# It's nice to have a place to b!tch



## mickey-mac (Sep 2, 2000)

about things like Santa Ana winds and 70 degree temperatures in February without hearing a load of crap from east coasters who are buried under 18 feet of snow. BTW, I know southern California's south border is the US/Mexico border, where does SC start in the north? Northern Ventura County?


----------



## HAL9000 (May 1, 2002)

*San Diego/Orange County line...*

The further south you live the further south it seems to be.

(though probably, I submit, Santa Barbera/San luis Obispo County)


----------



## mickey-mac (Sep 2, 2000)

*Yeah*



HAL9000 said:


> The further south you live the further south it seems to be.
> 
> (though probably, I submit, Santa Barbera/San luis Obispo County)

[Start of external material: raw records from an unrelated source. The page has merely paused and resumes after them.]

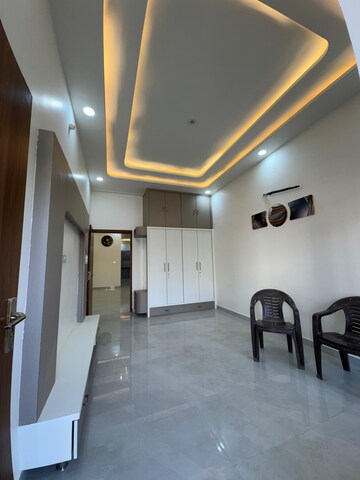 Swimming Pool in 4 BHK Villa at Ansal Sushant City I – for Sale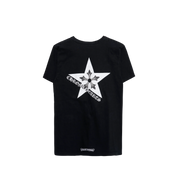 Chrome Hearts Star Logo T-Shirt "Black"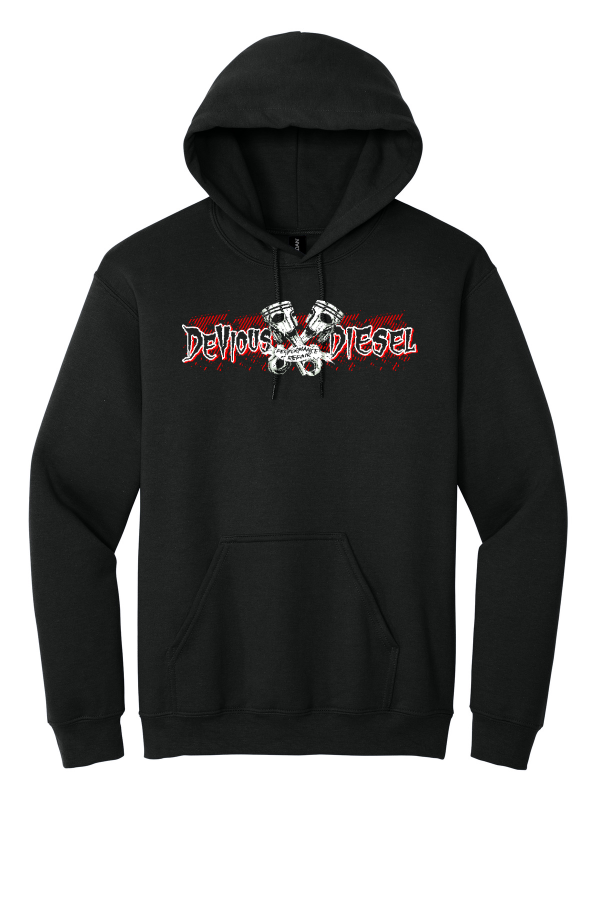 Adult/Youth Hooded Sweatshirt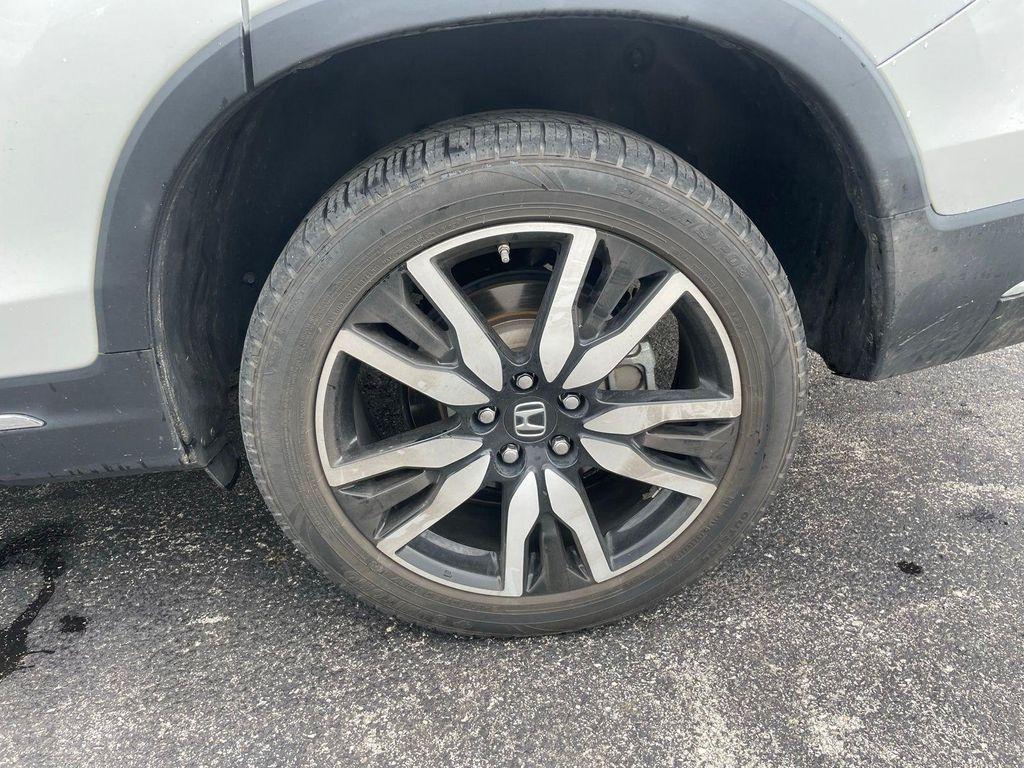 used 2020 Honda Pilot car, priced at $19,700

Unfortunately for those folks between the Ventura/Santa Barbara County line and southern Monterey County, most (including this site) divide the state up into north and south, forgetting that Central California is bigger than most state east of the Mississippi.


----------



## Bixe (Jan 28, 2004)

*Year 'Round Ridin'*

Southern California stops about where folks start talking about how happy they aren’t there, whether they are north of SoCal or off in any other direction… Sometimes I’m even inclined to agree with them. 
Tooooo many people. SoCal is a great place but for the Southern Californians. (Full disclosure: Born and raised here. Ambiguity intentional).


----------